Work item - Where the line with "X0000091890406200710031145" appears below, start writing out lines exactly, and finish with the line with "Участок в Карелия, Лахденпохский", which is included; write out nothing else.

Dataset entries -

◆ ◆ ◆

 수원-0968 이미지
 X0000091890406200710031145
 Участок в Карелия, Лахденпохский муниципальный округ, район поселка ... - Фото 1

◆ ◆ ◆

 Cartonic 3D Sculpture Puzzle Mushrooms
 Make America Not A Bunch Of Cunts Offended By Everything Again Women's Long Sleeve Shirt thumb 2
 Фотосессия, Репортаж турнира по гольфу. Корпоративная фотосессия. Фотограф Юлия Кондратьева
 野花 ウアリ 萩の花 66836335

◆ ◆ ◆

Written solution -
 X0000091890406200710031145
 Участок в Карелия, Лахденпохский муниципальный округ, район поселка ... - Фото 1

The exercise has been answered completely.